Records from a dataset:
-.-.-

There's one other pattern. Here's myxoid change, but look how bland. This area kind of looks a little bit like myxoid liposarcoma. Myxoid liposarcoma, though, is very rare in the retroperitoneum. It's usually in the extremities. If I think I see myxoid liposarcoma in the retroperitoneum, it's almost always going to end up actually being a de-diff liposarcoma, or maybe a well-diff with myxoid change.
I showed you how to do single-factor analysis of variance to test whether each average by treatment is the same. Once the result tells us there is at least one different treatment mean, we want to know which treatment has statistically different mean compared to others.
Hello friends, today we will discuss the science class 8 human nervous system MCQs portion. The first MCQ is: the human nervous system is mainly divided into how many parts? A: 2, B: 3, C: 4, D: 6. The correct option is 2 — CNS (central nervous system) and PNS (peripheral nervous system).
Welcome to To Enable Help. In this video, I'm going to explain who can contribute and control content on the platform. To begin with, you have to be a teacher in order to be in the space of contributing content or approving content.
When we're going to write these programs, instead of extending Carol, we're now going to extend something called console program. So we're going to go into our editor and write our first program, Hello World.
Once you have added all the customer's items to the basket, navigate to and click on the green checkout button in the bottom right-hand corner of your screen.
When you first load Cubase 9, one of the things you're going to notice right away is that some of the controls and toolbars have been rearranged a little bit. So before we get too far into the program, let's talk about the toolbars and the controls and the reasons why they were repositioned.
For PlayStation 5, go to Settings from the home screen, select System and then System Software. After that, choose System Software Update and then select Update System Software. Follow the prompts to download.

-.-.-

#### EXERCISE
The response should contain each record above, retyped exactly.

#### ANSWER SPACE
There's one other pattern. Here's myxoid change, but look how bland. This area kind of looks a little bit like myxoid liposarcoma. Myxoid liposarcoma, though, is very rare in the retroperitoneum. It's usually in the extremities. If I think I see myxoid liposarcoma in the retroperitoneum, it's almost always going to end up actually being a de-diff liposarcoma, or maybe a well-diff with myxoid change.
I showed you how to do single-factor analysis of variance to test whether each average by treatment is the same. Once the result tells us there is at least one different treatment mean, we want to know which treatment has statistically different mean compared to others.
Hello friends, today we will discuss the science class 8 human nervous system MCQs portion. The first MCQ is: the human nervous system is mainly divided into how many parts? A: 2, B: 3, C: 4, D: 6. The correct option is 2 — CNS (central nervous system) and PNS (peripheral nervous system).
Welcome to To Enable Help. In this video, I'm going to explain who can contribute and control content on the platform. To begin with, you have to be a teacher in order to be in the space of contributing content or approving content.
When we're going to write these programs, instead of extending Carol, we're now going to extend something called console program. So we're going to go into our editor and write our first program, Hello World.
Once you have added all the customer's items to the basket, navigate to and click on the green checkout button in the bottom right-hand corner of your screen.
When you first load Cubase 9, one of the things you're going to notice right away is that some of the controls and toolbars have been rearranged a little bit. So before we get too far into the program, let's talk about the toolbars and the controls and the reasons why they were repositioned.
For PlayStation 5, go to Settings from the home screen, select System and then System Software. After that, choose System Software Update and then select Update System Software. Follow the prompts to download.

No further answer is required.